Peatlands are another vital habitat and the UK’s biggest store of carbon. They lock away an estimated 3 billion tonnes of the greenhouse gas, equivalent to all of the country’s forests plus those of France and Germany.
But the peat soils on Langholm Moor are not in a great state. Until recently, the land was famous for grouse shooting and was managed accordingly by burning heather to encourage fresh growth and feed the birds.
“It’s a new chapter now,” says Barlow. Sports shooting isn’t part of the mix, though she stresses the group is “still really keen to hear from all the people who worked on the land, and know it like the back of their hand.”
Restoring this degraded land is a key part of the initiative’s plans - ensuring it remains a huge carbon sink rather than an emitter. The team are also working with the Woodland Trust to expand the area’s ancient woodland, removing conifer plantations and replacing them with native trees.
10 years after intensive grazing stopped, trees are already regenerating all over the landscape, explains Barlow. “It’s incredible to see how, when you give nature a chance, it starts to rebalance and restore.” Only a helping hand is needed.
But what really sets the project apart is its centring of the local community, in a tight trio with nature and climate.
Why is community at the heart of Langholm’s plans?
A once thriving textile town where Edinburgh Woollen Mill was founded, Langholm has been in economic decline for many years.
Ownership over the reserve is helping to reverse those fortunes.

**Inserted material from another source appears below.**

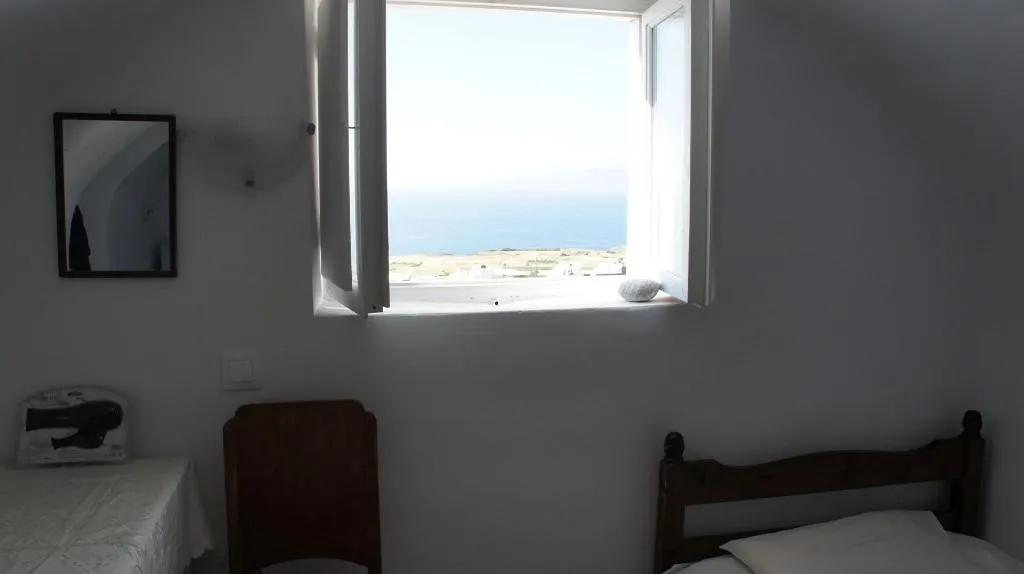 Room, Marcos Rooms, Santorini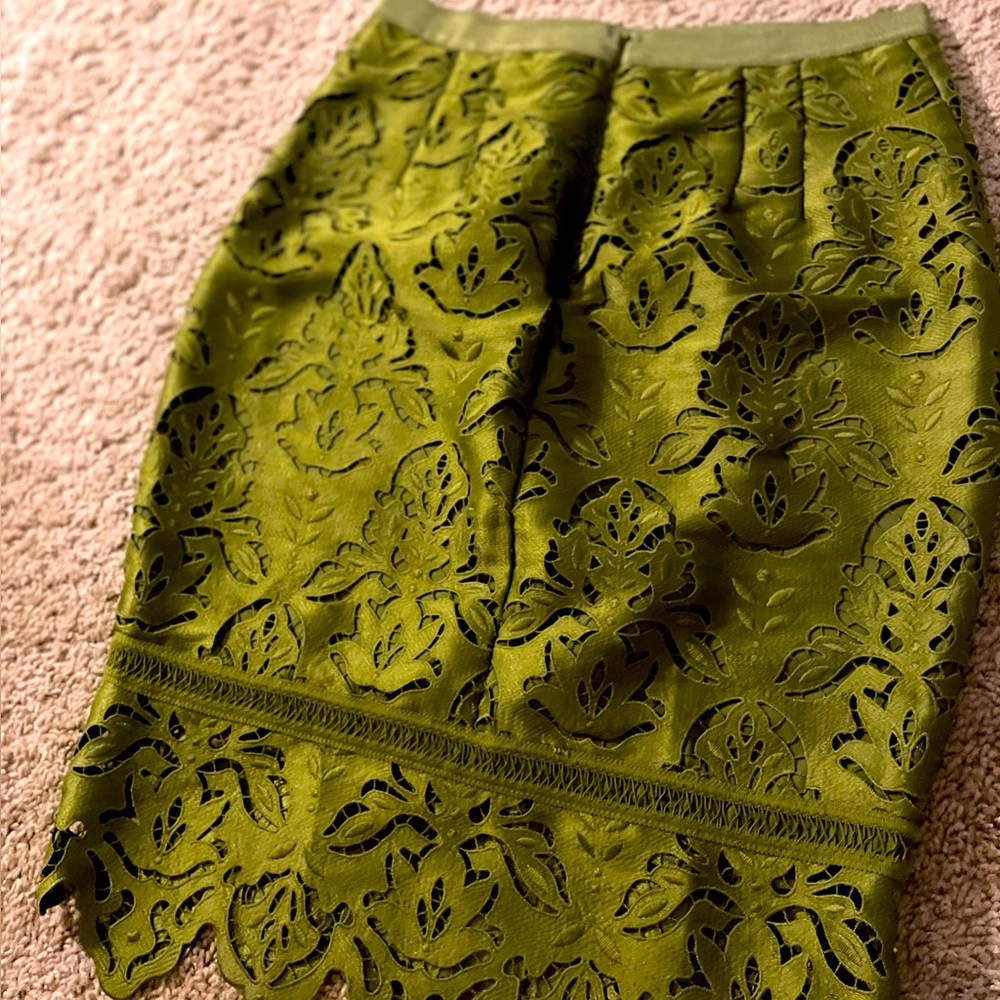 Romantic size 4 lace Ann Taylor skirt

An alternative, nature-based economy might not be a ‘silver-bullet’, says Barlow, who moved from Sunderland in the northeast of England. But it does create a variety of jobs, from employment on the land to small wind and solar farms. There are also the knock-on effects of ecotourism in Langholm and Eskdale village.
“I suppose when we talk about climate action, there is that other bit of a just transition - of bringing people along with you,” she says.
“And I think that's the thing that, hopefully we can show: that actually, it isn't just about restoring the natural world, it is about providing new opportunities and new economic opportunities for people in that as well.”
Langholm Initiative’s democratic model of ‘co-design’ is in stark contrast to the schemes of some private landowners in Scotland. It has won them support and followers from all over the world.
Now they’ve “defied the odds” and “achieved the impossible” for a second time in two years, with a fundraising campaign featuring everyone from young footballers to local business owners, ‘junior rangers’ to tree-planting pensioners.
“We’re really keen that we aren’t just looking inwardly at the town,” adds Barlow, “but giving a really positive, inspiring example of the impact people can have.”